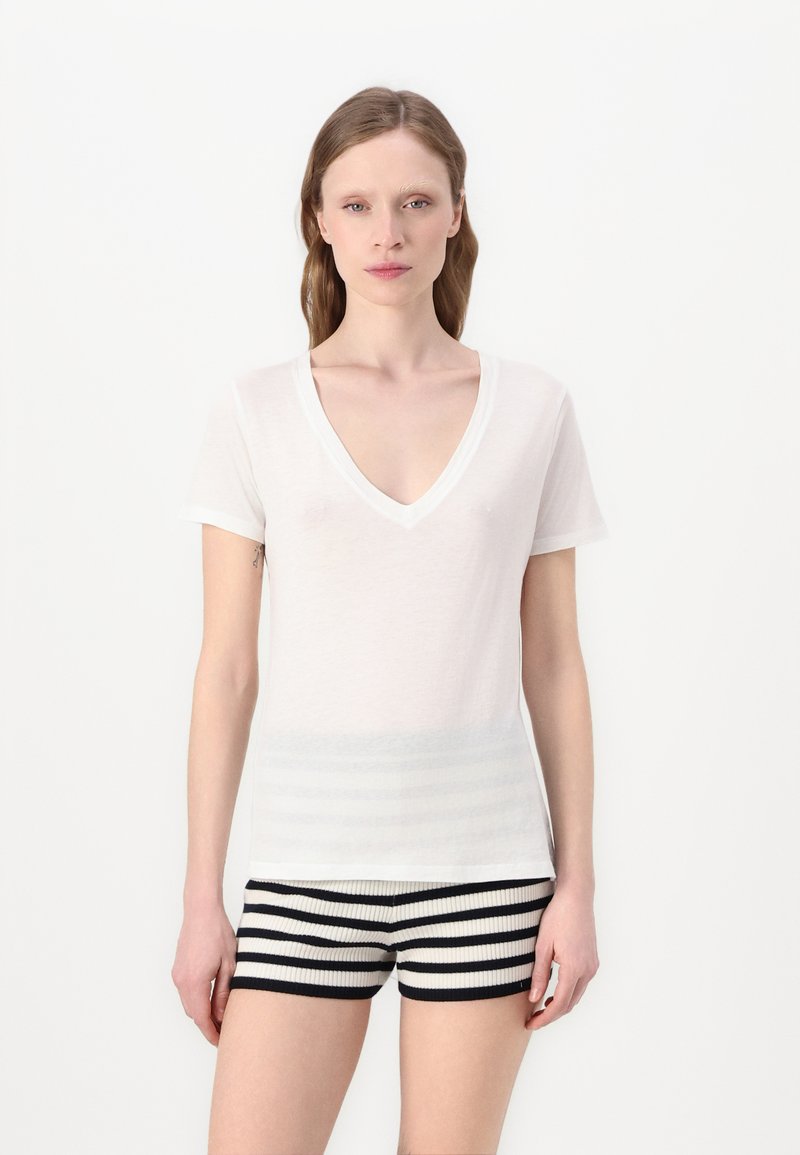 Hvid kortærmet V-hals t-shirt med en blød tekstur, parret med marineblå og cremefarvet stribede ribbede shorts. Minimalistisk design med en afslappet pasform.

________________________________________

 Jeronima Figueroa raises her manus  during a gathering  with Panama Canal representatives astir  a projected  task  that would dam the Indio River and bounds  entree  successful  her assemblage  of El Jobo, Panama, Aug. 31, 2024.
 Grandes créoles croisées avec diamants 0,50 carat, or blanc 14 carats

________________________________________

The line above containing "Jeronima Figueroa raises", the line containing "Grandes créoles croisées", and every line between them are to be transcribed exactly; no other line is wanted.

 Jeronima Figueroa raises her manus  during a gathering  with Panama Canal representatives astir  a projected  task  that would dam the Indio River and bounds  entree  successful  her assemblage  of El Jobo, Panama, Aug. 31, 2024.
 Grandes créoles croisées avec diamants 0,50 carat, or blanc 14 carats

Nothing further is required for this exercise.